I’m excited that young adults are becoming more interested in Hawaiian language and taking it to their careers. It’s more than just studying it to connect to roots, which is really important on its own. But, more college students are studying Hawaiian language so the can take it into whatever field they are going into – to help their own communities.
What is coming up next for you?
I am honored to also have the position of Director of the Youth Ambassador Program for the Festival of Pacific Arts 2020, which will be hosted in Hawai’i and directed by ILI partner and director of PA’I Foundation Vicky Holt Takamine. I’m about to fly to New Zealand for 8 days to build connections to other youth leaders among Pacific Nation people in preparation. It’s a huge festival, so I’m really excited about everything that is going to be involved. I’ll be attending their traditional dance festival, meeting with dignitaries and getting things in motion.That is going to be really great for me because I am deeply connected to our native dance as well. In our culture, language and dance are connected, so you need to know what you are dancing about to really do it well. Each song you want to be able to feel it and understand its meaning.

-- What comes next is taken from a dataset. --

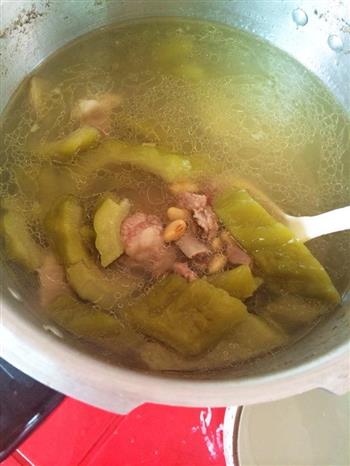 黄豆苦瓜排骨汤-快手汤的做法步骤8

Festival of Pacific Arts 2020 Hawaiʻi Delegation hosted at Te Matatini Kapa Haka Festival 2019 by Creative New Zealand.
“Interculturality” is at the core of the ILI Leadership program. How does it relate to your work and your journey? What does it mean to you?
Whenever I hear anyone speaking any native language – or anything other than English – I think, “this is a natural thing.” Even if I don’t understand it, it feels familiar. The Lakota words and phrases we heard while at the first ILI intensive in Lakota territory sounded very different from Hawaiian, but I could relate to it. Just like I found myself relating to other ILI Fellows, regardless of different backgrounds. It’s a shared experience.

Kahōkūʻalohiokeao Lindsey-Asing is a Site Coordinator of Pūnana Leo o Mānoa Hawaiian Medium Education Preschool; as part of the statewide ʻAha Pūnana Leo non-profit organization. The mission “E ola ka ʻōlelo Hawaiʻi- The Hawaiian language shall live” and vision “E hoʻoulu i ke kaiaʻōlelo Hawaiʻi no ko Hawaiʻi nei i mau aku ʻo Hawaiʻi he ʻāina Aloha- Drive and inspire change to ensure a living Hawaiian language in Hawaiʻi and beyond” of ʻAha Pūnana Leo are guiding principles that inspire Kahōkū to continue on this path of language perpetuation. Another major role in his life is being a proud haumāna hula- hula student of Pua Aliʻi ʻIlima under the direction of Vicky Holt-Takamine & Jeffrey Kānekaʻiwilani Takamine. Kahōkū is a frequent volunteer with PAʻI Foundation,  a 2018-2019 Intercultural Leadership Institute Fellow, and is currently serving as the Director of Nā Pūkoʻa: Youth Ambassador Program for Festival of Pacific Arts 2020.